Lim Seongyeon, Dong Suh-Yeon, Tran Bach Xuan, Boyer Laurent, Fond Guillaume, Rahmati Masoud, Duy Nguyen Cao, Latkin Carl, Do Huyen, Ho Roger
Department of Information Technology Engineering, Sookmyung Women's University, Seoul 04310, Republic of Korea.
Division of Artificial Intelligence Engineering, Sookmyung Women's University, Seoul 04310, Republic of Korea.
J Affect Disord. 2025 Nov 15;389:119637. doi: 10.1016/j.jad.2025.119637. Epub 2025 Jun 9.
Functional near-infrared spectroscopy (fNIRS) is increasingly used to examine cognitive abilities and support the diagnosis of bipolar disorder (BD). Despite its growing application, research on functional connectivity in BD remains limited, and task-induced functional connectivity remains under-investigated. This study aims to differentiate patients with BD from healthy controls (HCs) based on fNIRS-derived functional connectivity.
We analyzed fNIRS data from 50 patients with BD and 50 HCs during resting state and two cognitive tasks, including the verbal fluency test (VFT) and Stroop color-word test (Stroop). Functional connectivity was quantified using coherence and correlation evaluations, and four network characteristics, such as local efficiency, global efficiency, global clustering coefficient, and average closeness centrality, were extracted. A thresholding method was applied by filtering the top 10 % to 50 % to highlight significant network connections. Group differences were evaluated using t-tests with false discovery rate.
Patients with BD showed significantly altered coherence values, especially between channels 4 and 10 (p < 0.001, t = -5.534, η = 0.562) and lower global clustering coefficients (p < 0.001, t = -5.666, η = 0.578) compared to HCs. The k-nearest neighbor (KNN) classifier using coherence-based network metrics during the VFT achieved the highest classification performance with an accuracy of 0.818, precision of 0.819, recall of 0.824, and an F1-score of 0.817.

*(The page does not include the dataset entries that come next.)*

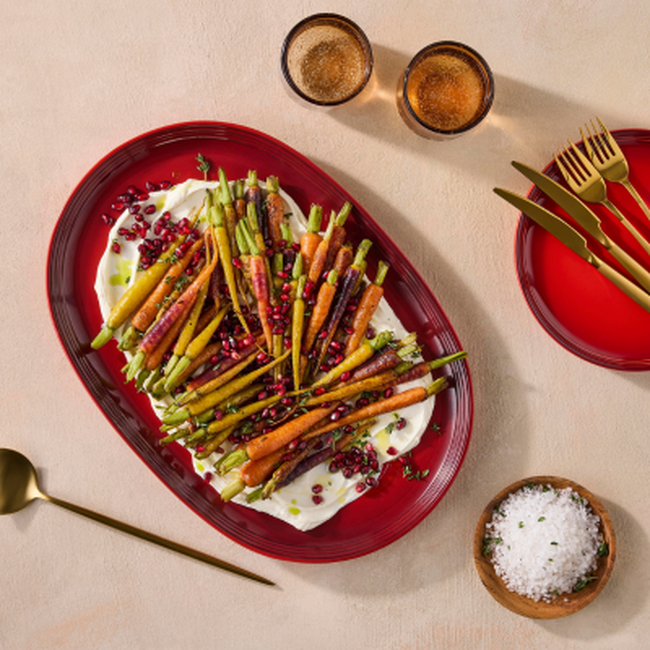 Stoneware Coupe Serving PlatterCerise image number 5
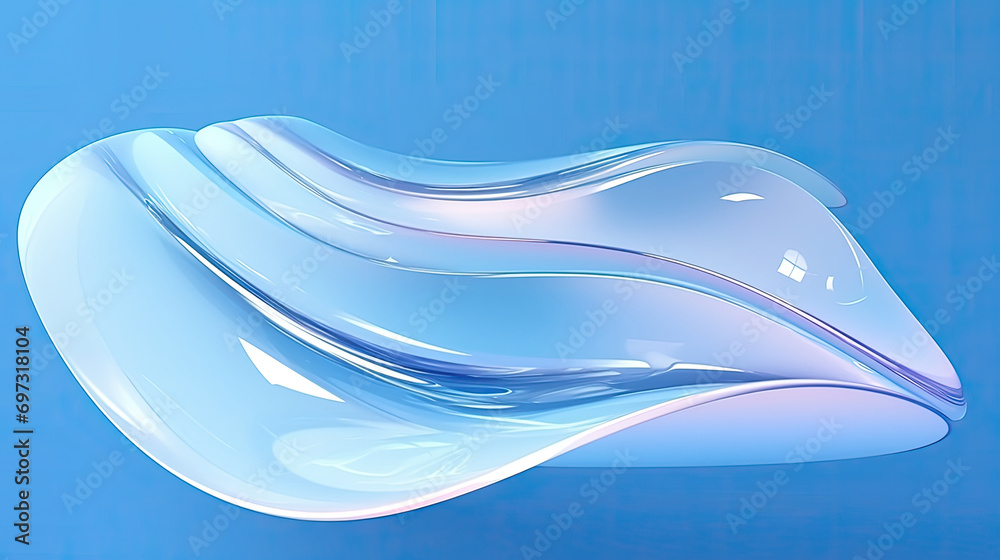a close up of a blue and white abstract background with curved lines.3d blue  plastic  wave. Blue Abstract Digital Wave .Abstract Background Glass Tube Blue Transparent Wave
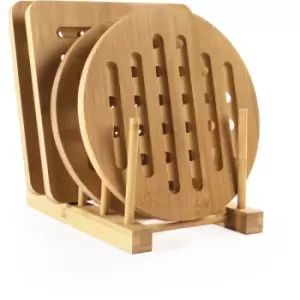 Set of 4 Bamboo Trivets with Storage Rack M&W - Brown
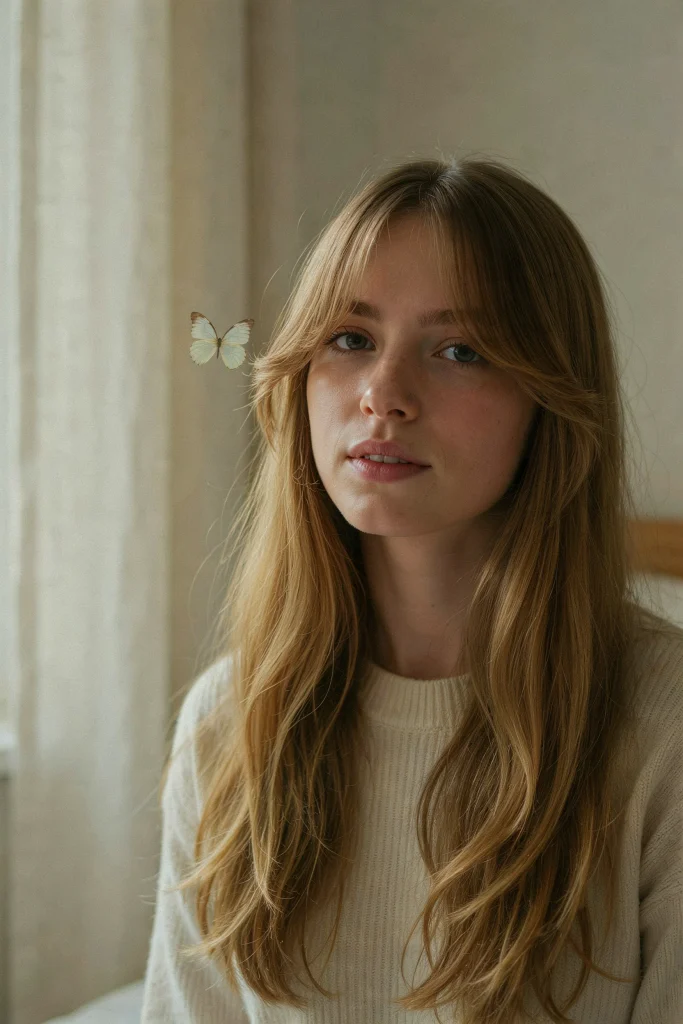 21 Wispy Butterfly Bangs That Frame Your Face Long Wispy Butterfly Bangs with Soft Layers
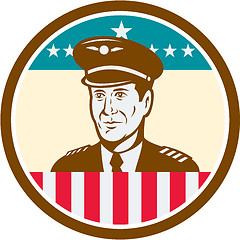 Image showing Airline Pilot Aviator USA Flag Circle Retro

Our findings suggest that task-induced functional connectivity, particularly coherence-based metrics derived during the VFT, reflects distinct functional connectivity patterns that differentiate patients with BD from HCs. These findings support the utility of network-based approaches under cognitive task conditions in characterizing functional connectivity alterations associated with BD.
功能近红外光谱技术(fNIRS)越来越多地用于检测认知能力并辅助双相情感障碍(BD)的诊断。尽管其应用日益广泛,但关于BD功能连接性的研究仍然有限,且任务诱发的功能连接性仍未得到充分研究。本研究旨在基于fNIRS衍生的功能连接性将BD患者与健康对照者(HCs)区分开来。
我们分析了50例BD患者和50例HCs在静息状态以及两项认知任务(包括言语流畅性测试(VFT)和Stroop颜色-词语测试(Stroop))期间的fNIRS数据。使用相干性和相关性评估对功能连接性进行量化,并提取四个网络特征,如局部效率、全局效率、全局聚类系数和平均接近中心性。通过筛选前10%至50%的数据应用阈值方法来突出显著的网络连接。使用带有错误发现率的t检验评估组间差异。
与HCs相比,BD患者显示出显著改变的相干值,尤其是通道4和通道10之间(p < 0.001,t = -5.534,η = 0.562),并且全局聚类系数更低(p < 0.001,t = -5.666,η = 0.578)。在VFT期间使用基于相干性的网络指标的k近邻(KNN)分类器实现了最高的分类性能,准确率为0.818,精确率为0.819,召回率为0.824,F1分数为0.817。
我们的研究结果表明,任务诱发的功能连接性,特别是在VFT期间得出的基于相干性的指标,反映了将BD患者与HCs区分开来的独特功能连接模式。这些发现支持了基于网络的方法在认知任务条件下用于表征与BD相关的功能连接改变的效用。